Goal of the exercise:
Each line of the data holding "with" should be found and copied.

Record extracts:
== == ==
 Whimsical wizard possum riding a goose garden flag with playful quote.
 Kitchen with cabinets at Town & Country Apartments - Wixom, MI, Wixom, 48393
== == ==
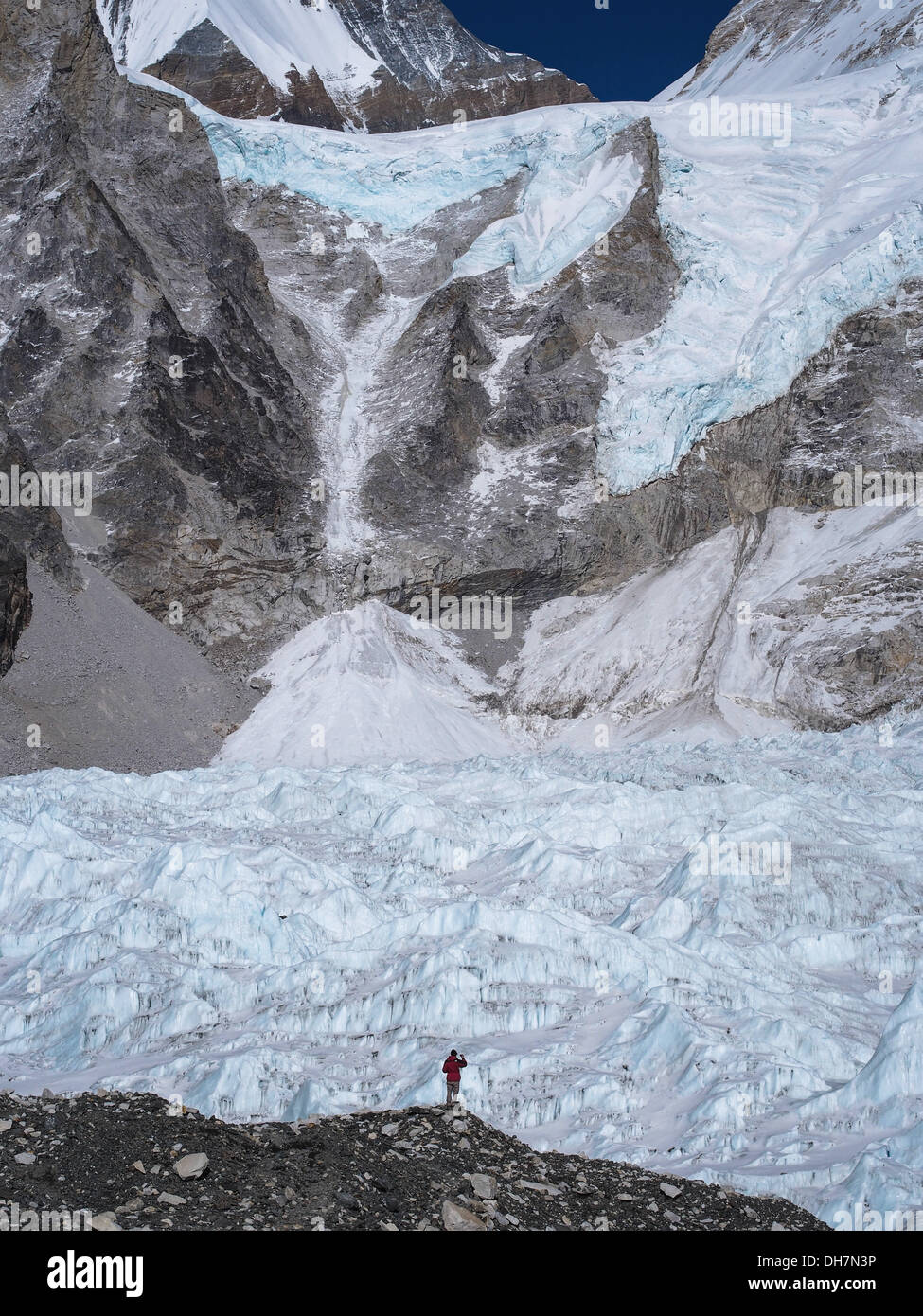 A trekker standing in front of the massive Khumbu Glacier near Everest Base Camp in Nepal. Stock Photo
== == ==
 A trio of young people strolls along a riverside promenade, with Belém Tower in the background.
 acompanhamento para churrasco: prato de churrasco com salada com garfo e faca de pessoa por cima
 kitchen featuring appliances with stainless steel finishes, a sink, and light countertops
== == ==
Result for this exercise:
 Whimsical wizard possum riding a goose garden flag with playful quote.
 Kitchen with cabinets at Town & Country Apartments - Wixom, MI, Wixom, 48393
 A trio of young people strolls along a riverside promenade, with Belém Tower in the background.
 kitchen featuring appliances with stainless steel finishes, a sink, and light countertops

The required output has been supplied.